Upshot from Pediatricians: Curb overuse of antibiotics in animal agriculture

With a landmark new law in California, and new commitments from Subway - the world's largest restaurant chain - the momentum seems to be shifting in the decades-old struggle to rein in enormous antibiotic overuse in factory-style livestock production.

With today's publication of a report and plea in the December issue of Pediatrics, the nation's largest group of children's physicians adds its voice to the chorus. "Animal antibiotics threatens kids' health", read a headline in the medical press. And they do.

Antibiotic overuse drives the problem of resistance. And a large majority of the nation's penicillines, tetracyclines, cephalospporins and other human drugs are given to food animals, not sick people. As the AAP report surmises: Antibiotic use in animals must be addressed because more antibiotics by tonnage are used in animals than in people.

Says report's co-author Dr. Jerry Paulson, "Because of the link between antibiotic use in food-producing animals and the occurrence of antibiotic-resistant infections in humans, antibiotic agents should be used in food-producing animals only to treat and control infectious diseases and not to promote growth or to prevent disease routinely," the report concludes.

From the CDC's Director to the Chief Medical Officer of the UK, physicians have long warned our antibiotics are losing their effectiveness. At risk is not only our ability to treat infections, but also to perform life-saving procedures on kids and adults with cancer or kidney failure, like chemotherapy, dialysis and bone marrow transplants. Without working antibiotics, these procedures can't be done safely, since complications with bacterial infections are an ever-present risk.

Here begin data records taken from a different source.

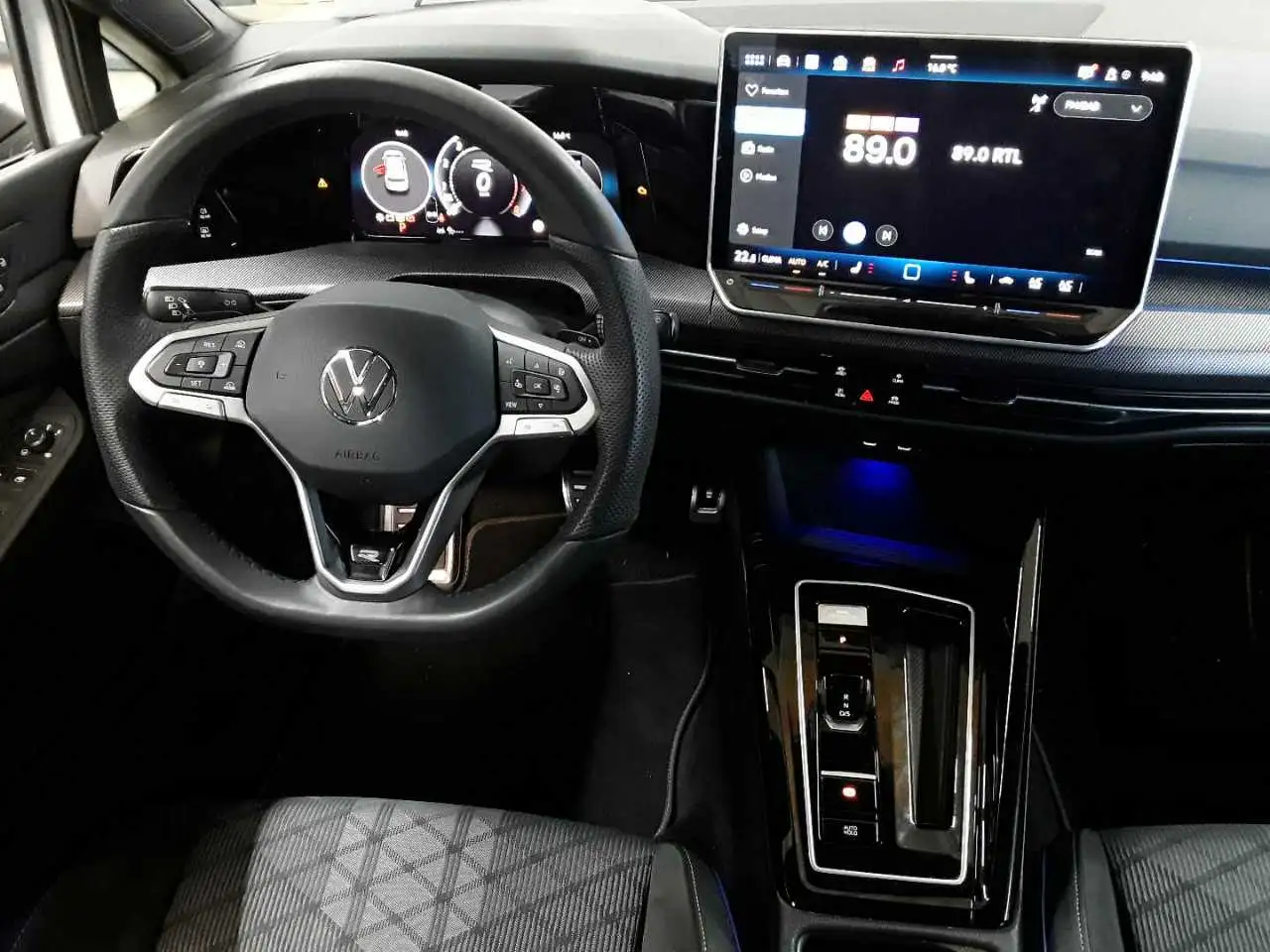 Volkswagen Golf 1.5 eTSI DSG R-Line APP ACC SHZ KAM, миниатюра 10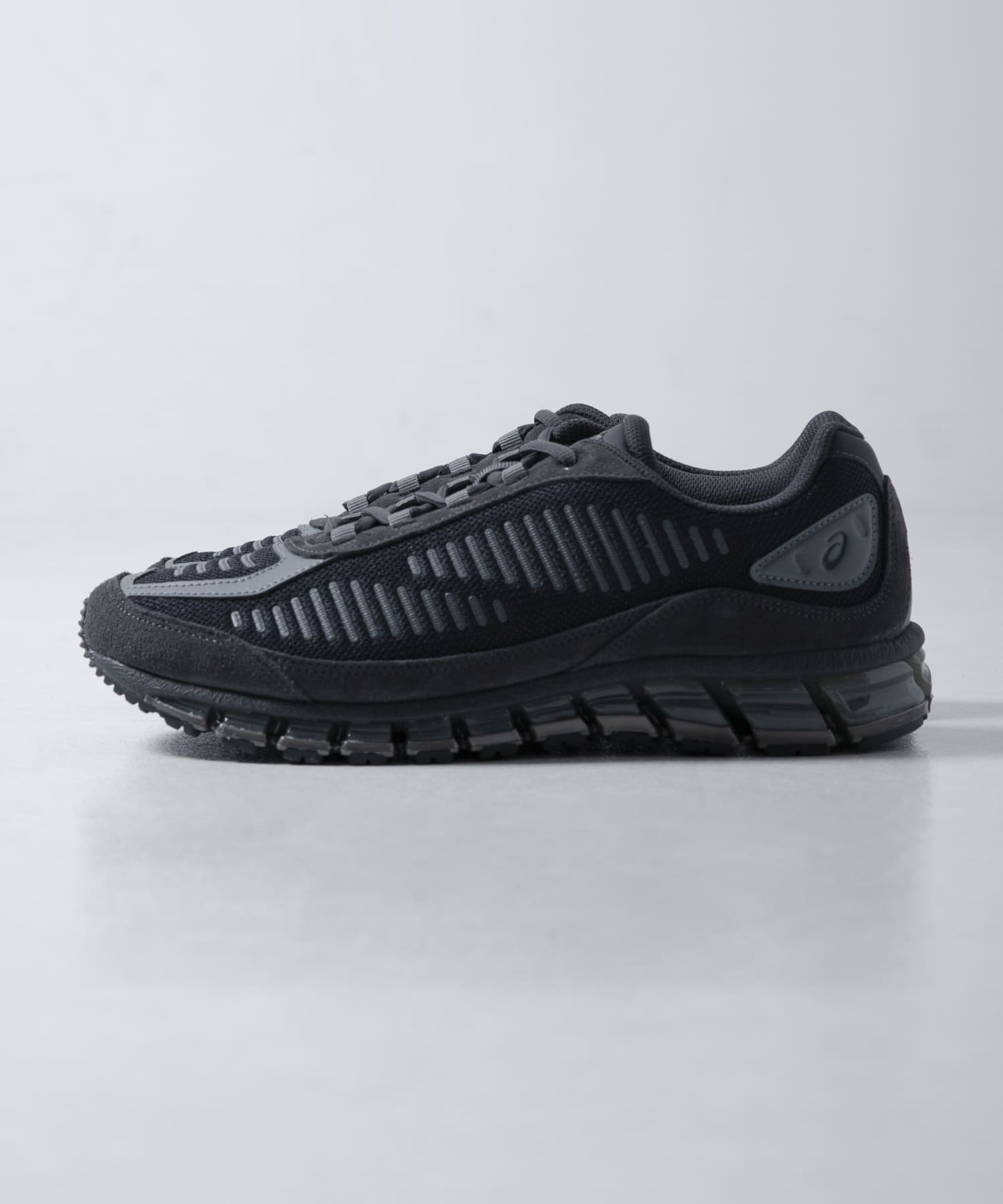 BLACK/GREY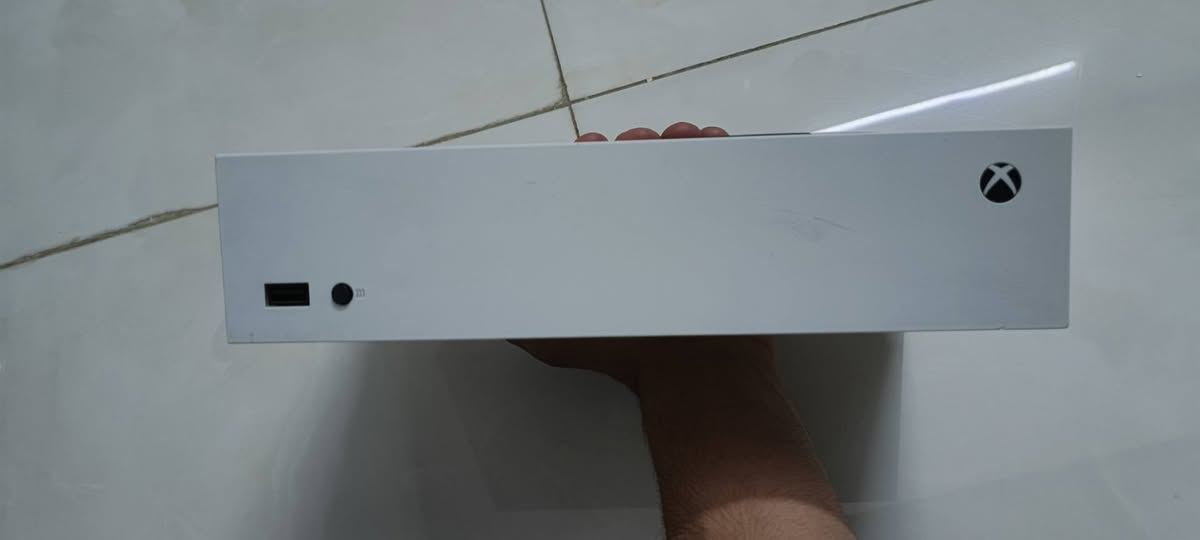 سلام عليكم
اكس بوكس سيريس اس
الجهاز موديل 23
مفتوح مبدل HDMI وكاله
جوستك واحد انطيك ويا رافع انلوك وبطارية
كامل ملحقاته الجهاز اخو الجديد وبي بس نقطتين 
سود يعني بسبيرتو تروح
سعر الجهاز ٣٦٠ الف واكو توصيل وين متريد
رقمي: ***********
@الجميع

Yet until now medical organizations have been slow to demand that American meat and pharmaceutical companies stop overusing antibiotics. In fact, the vast majority of antibiotics of human importance are given to chickens, turkeys, pigs or cattle - typically for reasons that have nothing to do with treating a diagnosed disease. Instead, they are routinely put into animal feed or water for purposes like promoting growth, or as a temporary band-aid for animals that are being raised under sub-optimal, infection-promoting conditions.

Sadly, actions of the Food and Drug Administration to date likely will do little to address this situation. Indeed, the FDA has been clear that its approach leaves in place the practice of routinely feeding human antibiotics to livestock and poultry, just so long as a veterinarian (often in the employ of the meat industry) has signed off on it.

Moreover, Congress has been slow to appropriate money asked for by President Obama to implement a new national action plan to combat antibiotic resistant bacteria.

That's why issuance of this new report from the American Academy of Pediatrics is such a big deal. Basically, it's saying business as usual in factory-style livestock production is no longer acceptable because of the threat it poses to the health and welfare of our children (and the rest of us, I might add).

Bravo, I say. Will the nation's top organizations of internists, surgeons and women's health now be emboldened to speak out on behalf of their adult patients, as well? I sure hope so.